Colson Whitehead (born 1969) is on nearly everyone's short list of the most important writers in the United States today. He has written ten books of fiction and non-fiction. His many awards include two Pulitzer Prizes for his novels The Underground Railroad (2016), which also won the National Book Award, and The Nickel Boys (2019), a MacArthur Fellowship, and a Guggenheim fellowship.
Harlem Shuffle is a book of crime fiction that's set in Harlem in the 1960's. Upon its release in September of 2021, it debuted at #3 on the NYT bestseller list. In fact, Whitehead was born and raised in Manhattan, and lives in New York City today. He has called the novel a "love letter" to Harlem. I would describe that as a deeply complicated love. The story features a conflicted protagonist, Ray Carny, and his bittersweet love for his city.
The Harlem of Whitehead's novel is populated by thugs, gangsters, pimps, embezzlers, and an assortment of lowlifes. A baseball bat is standard equipment for a bar owner. Racial tensions simmer in the ethnic mix of Jews, Italians, southern blacks, and West Indians: "everyone who came uptown had crossed some violent ocean." It is a world of flop houses, dingy bars, and urban blight for those who cannot escape it. "A tendency toward moral irregularity made you a regular." This is a Harlem where you must go along to get along.
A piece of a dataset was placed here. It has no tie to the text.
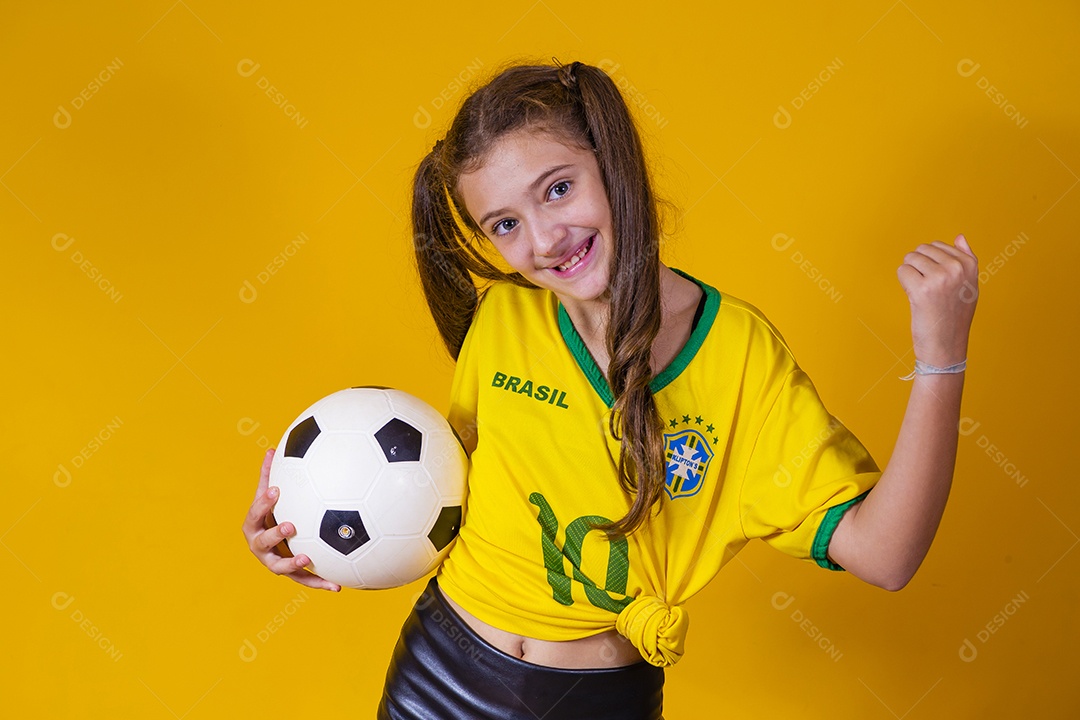 Linda criança torcedora brasileira futebol fundo isolado amarelo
It's not just the bad people who are bad; the good people are also bad — the crooked cops, judges, bankers, accountants, and founding fathers of New York City who are what passes for mainstream culture, including Carny's in-laws. They "could pass for white," are "race-conscious and proud," and spiteful of his dark skin color. "Crooked world, straight world, same rules — everybody had a hand out for the envelope." Harlem "took everything into its clutches and sent it every which way," and so "there were no shortage of reasons to get out of Harlem if you could swing it."
Carny struggles with his city but also with his soul. He's a bad good guy who lives a double life as a striver and a crook. He was "only slightly bent when it came to being crooked, in practice and ambition." In his straight life he owns a furniture store, and loves his wife and kids, while in his crooked life the furniture store is a fence for stolen goods. Carny is like a horse with two riders. He has a "midnight" side and a "daylight" side. His moral ambiguity is marbled and not merely segmented. In his better moments he understands his debasement: "he had descended rungs into the sewer and become another shabby player in the city's sordid theater."
However much Whitehead loves Harlem, Carny fantasizes about leaving. Who would not want to flee "a dark apartment with a back window that peered out onto an airshaft and a front window kitty-corner to the elevated 1 train," and a tangle of lies with bad actors that threaten his very life? Having moved up and out of Harlem one time, Carny imagines yet another move to Strivers' Row: "It was such a pretty block and on certain nights when it was cool and quiet it was as if you didn't live in the city at all." Perfect. Such is Harlem love.